Forrester: Linux development can be more costly than using Microsoft software
The Microsoft-commissioned study isn't a blanket statement about Linux, said a co-author
IDG News Service - Creating and maintaining a custom Web-based application with Java and Linux is almost 40% more expensive than using Microsoft Corp.'s software, according to a Microsoft-commissioned report from Forrester Research Inc. (download PDF).
The report, released yesterday, estimated the costs of building custom J2EE and .Net applications within large and medium-size organizations. Forrester based its cost estimates on interviews with IT staff members at 12 organizations.
The study found a huge gap in software maintenance costs incurred by the two approaches. Software maintenance in a large organization was estimated at $160,000 annually for a Linux/J2EE development effort, compared with just under $46,000 for Microsoft users. In medium-size businesses, the costs were $17,775 and $7,158 respectively.
The J2EE/Linux approach involved the use of Oracle Corp. and BEA Systems Inc. software, while the Microsoft approach involved the vendor's Visual Studio .Net and SQL Server applications. The price gap was primarily the result of the difference between the prices of the BEA and Oracle software and those of Visual Studio .Net and SQL Server.

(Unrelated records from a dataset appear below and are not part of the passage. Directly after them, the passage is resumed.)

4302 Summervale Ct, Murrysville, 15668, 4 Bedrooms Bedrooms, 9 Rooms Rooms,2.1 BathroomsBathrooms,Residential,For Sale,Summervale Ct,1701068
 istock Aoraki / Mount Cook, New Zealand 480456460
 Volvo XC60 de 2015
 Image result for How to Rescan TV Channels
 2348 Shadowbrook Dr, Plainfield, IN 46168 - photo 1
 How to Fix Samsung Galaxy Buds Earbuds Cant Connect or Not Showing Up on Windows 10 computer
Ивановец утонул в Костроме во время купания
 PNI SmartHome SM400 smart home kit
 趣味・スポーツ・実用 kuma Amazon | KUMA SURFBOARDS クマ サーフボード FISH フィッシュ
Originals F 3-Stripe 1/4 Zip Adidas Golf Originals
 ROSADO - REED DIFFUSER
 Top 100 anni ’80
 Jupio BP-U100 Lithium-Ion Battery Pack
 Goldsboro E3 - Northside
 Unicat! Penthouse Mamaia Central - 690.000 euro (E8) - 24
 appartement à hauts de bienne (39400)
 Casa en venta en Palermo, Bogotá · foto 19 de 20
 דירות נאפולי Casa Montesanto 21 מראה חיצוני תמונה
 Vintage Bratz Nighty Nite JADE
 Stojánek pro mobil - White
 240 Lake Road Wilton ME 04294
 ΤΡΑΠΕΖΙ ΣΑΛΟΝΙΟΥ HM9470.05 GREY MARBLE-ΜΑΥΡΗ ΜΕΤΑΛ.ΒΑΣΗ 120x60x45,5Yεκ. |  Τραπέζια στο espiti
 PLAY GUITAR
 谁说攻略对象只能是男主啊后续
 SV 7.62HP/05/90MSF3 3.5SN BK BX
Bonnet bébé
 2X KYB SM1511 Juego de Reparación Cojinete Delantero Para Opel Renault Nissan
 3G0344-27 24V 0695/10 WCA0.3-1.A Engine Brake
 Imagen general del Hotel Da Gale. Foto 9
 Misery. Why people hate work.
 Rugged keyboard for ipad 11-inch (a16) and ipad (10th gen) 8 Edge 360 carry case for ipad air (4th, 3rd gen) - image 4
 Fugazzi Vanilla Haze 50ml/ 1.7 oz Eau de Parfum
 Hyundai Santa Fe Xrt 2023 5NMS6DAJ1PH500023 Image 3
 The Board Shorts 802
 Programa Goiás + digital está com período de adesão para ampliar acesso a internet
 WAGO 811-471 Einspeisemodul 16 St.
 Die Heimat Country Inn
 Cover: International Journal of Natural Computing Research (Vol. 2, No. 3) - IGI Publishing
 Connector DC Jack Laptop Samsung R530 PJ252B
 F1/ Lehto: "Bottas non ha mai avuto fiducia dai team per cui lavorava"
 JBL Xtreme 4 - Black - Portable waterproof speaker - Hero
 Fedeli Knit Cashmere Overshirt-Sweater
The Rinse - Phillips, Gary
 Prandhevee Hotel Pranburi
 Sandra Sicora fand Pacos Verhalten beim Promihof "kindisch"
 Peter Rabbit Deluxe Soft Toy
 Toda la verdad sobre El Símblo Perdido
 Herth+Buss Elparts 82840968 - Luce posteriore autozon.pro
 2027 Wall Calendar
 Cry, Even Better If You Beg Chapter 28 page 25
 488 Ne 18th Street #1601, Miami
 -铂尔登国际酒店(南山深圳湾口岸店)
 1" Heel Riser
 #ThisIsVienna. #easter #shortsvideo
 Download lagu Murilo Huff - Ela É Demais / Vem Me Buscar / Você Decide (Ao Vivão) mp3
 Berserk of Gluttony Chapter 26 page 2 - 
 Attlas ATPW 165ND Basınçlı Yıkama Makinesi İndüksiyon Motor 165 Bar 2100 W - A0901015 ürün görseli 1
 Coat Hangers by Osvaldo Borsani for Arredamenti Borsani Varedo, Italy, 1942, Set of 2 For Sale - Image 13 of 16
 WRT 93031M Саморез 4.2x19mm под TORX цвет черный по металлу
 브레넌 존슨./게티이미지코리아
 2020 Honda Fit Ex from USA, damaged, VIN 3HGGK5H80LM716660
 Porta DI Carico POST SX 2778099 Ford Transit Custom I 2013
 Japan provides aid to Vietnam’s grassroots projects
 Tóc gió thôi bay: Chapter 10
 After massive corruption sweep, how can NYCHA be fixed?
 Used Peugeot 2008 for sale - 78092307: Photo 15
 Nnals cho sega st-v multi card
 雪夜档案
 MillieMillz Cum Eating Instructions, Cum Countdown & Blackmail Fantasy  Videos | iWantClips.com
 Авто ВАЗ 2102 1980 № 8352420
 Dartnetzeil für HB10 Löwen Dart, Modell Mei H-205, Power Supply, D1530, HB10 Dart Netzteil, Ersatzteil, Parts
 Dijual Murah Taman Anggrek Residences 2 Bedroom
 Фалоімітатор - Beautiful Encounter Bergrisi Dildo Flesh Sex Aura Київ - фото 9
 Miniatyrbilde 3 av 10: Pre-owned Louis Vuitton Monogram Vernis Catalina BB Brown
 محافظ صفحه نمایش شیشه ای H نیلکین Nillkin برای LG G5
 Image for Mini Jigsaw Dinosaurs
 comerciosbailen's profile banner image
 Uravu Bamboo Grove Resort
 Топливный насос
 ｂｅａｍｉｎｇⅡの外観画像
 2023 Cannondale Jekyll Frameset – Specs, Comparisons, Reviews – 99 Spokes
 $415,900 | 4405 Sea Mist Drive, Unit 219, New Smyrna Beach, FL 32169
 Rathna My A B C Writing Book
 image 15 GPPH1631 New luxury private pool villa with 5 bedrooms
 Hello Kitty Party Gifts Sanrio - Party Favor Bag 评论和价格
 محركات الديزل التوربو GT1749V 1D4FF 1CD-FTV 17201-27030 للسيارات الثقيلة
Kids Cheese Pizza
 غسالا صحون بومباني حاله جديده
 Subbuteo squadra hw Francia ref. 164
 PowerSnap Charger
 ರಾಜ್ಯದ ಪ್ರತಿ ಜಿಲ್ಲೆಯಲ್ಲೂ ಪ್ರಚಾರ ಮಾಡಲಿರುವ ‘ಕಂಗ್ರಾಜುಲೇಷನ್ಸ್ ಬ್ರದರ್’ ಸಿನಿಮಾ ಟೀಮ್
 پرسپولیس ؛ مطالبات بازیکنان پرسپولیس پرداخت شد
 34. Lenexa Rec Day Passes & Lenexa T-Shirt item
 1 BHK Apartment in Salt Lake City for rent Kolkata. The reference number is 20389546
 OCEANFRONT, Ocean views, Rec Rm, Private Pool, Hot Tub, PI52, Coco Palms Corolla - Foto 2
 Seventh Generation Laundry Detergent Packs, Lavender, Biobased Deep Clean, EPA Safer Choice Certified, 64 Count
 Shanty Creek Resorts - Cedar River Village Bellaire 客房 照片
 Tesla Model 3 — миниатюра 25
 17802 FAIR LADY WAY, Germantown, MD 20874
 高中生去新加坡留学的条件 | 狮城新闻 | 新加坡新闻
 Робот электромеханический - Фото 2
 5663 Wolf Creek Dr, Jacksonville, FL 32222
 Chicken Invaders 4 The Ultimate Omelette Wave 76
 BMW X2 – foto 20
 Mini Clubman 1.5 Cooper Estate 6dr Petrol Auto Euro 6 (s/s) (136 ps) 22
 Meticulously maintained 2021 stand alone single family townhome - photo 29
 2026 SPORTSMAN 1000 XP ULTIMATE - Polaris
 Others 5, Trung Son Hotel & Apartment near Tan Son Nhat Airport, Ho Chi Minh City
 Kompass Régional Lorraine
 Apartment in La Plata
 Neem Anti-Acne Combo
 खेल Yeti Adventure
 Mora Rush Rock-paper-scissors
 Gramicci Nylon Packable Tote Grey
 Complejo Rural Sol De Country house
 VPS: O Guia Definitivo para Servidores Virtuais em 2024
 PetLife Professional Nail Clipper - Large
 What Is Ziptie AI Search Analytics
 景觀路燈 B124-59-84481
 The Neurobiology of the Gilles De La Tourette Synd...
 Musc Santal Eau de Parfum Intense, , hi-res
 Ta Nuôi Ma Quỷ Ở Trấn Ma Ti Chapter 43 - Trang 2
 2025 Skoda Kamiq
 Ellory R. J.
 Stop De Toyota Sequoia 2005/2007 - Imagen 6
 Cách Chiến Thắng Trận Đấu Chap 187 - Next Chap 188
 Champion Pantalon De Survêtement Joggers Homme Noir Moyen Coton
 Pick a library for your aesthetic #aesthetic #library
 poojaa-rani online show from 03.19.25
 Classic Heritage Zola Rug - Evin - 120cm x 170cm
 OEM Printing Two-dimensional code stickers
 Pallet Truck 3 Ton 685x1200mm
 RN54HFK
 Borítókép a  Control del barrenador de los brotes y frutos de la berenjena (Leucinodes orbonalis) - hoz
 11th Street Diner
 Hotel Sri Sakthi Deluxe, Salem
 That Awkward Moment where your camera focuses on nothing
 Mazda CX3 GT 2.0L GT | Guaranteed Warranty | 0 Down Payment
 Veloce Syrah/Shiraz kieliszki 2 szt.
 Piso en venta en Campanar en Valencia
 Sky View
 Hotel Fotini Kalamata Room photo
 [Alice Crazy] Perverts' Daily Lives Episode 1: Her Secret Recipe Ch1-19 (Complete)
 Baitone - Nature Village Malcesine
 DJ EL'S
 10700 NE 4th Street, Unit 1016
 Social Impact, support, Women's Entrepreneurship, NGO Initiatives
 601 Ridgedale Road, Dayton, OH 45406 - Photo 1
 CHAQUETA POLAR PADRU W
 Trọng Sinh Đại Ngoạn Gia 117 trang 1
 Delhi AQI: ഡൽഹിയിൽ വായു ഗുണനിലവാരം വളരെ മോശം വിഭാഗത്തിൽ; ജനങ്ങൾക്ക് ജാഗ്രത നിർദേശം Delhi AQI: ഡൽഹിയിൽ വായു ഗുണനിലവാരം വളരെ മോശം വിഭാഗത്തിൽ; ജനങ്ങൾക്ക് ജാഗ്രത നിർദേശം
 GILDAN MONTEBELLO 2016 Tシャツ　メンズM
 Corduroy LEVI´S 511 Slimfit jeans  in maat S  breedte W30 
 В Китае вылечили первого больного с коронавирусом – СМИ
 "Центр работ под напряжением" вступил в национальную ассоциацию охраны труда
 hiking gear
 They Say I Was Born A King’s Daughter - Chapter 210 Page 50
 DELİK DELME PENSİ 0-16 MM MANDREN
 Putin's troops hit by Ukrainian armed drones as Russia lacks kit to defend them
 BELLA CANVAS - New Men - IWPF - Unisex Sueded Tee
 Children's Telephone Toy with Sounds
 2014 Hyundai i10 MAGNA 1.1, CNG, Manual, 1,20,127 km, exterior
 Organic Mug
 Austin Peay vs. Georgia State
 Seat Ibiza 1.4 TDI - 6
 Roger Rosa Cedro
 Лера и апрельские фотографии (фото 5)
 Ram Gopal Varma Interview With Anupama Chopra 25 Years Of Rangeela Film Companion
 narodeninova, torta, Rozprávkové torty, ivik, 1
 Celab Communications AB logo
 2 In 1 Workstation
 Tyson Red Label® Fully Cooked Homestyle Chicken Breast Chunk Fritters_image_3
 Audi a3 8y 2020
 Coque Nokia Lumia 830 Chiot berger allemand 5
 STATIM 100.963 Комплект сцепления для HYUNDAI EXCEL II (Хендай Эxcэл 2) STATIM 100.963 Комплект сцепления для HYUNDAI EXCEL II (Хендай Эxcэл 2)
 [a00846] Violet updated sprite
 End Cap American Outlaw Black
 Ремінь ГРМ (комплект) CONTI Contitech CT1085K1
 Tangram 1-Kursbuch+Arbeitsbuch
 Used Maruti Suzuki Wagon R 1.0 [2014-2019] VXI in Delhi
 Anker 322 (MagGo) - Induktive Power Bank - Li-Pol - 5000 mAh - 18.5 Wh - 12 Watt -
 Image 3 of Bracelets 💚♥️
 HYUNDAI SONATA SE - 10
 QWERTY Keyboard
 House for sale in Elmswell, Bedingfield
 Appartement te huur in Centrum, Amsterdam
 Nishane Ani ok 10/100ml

The other major factor in the cost difference was the time companies spent on software development, which was about one-third higher at J2EE/Linux companies than it was at Microsoft companies. "If you're doing these mainstream portal-style applications, you're probably going to have a faster time to market if you're using the Microsoft tool set," said John Rymer, a Forrester vice president and a co-author of the study.
Forrester estimated that the total cost of developing a custom Linux/J2EE application and supporting it for three years would be just over $2.2 million. For the Microsoft platform, the cost was about $1.6 million.
The study examined Linux and J2EE's costs only for Web portal types of applications, Rymer said, and shouldn't be taken as a blanket statement about Linux. "It's a statement about Linux in a certain context," he said.
More sophisticated applications, such as trading systems or telecommunications management systems, are areas where Linux might make sense, he said.
"With those sorts of applications, you might get an advantage out of going with Linux and J2EE," Rymer said. "One of the things we didn't study was rehosting. If you've got existing Unix applications and you're not going to change them, and you just want to reduce the cost of your platform, then Linux may be a good choice for you."
Although they would have had significantly lower software costs, application development approaches based on free databases or scripting tools such as PHP Hypertext Processor and MySQL weren't considered, Rymer said. These free tools weren't used by the organizations interviewed for the study, five of which were running Linux.
The Forrester report is the second broadside on Linux by Microsoft in the past week. On Sept. 4, the company released benchmark numbers showing that Windows on Intel had better price performance than Linux on IBM's z900 mainframe when it came to file and Web serving tasks.
After conceding that its previous, more emotionally charged attacks on Linux had backfired, Microsoft changed tactics and in July resolved to fight a fact-based campaign against Linux. The Forrester study is part of that campaign, according to Microsoft's general manager of platform strategy, Martin Taylor.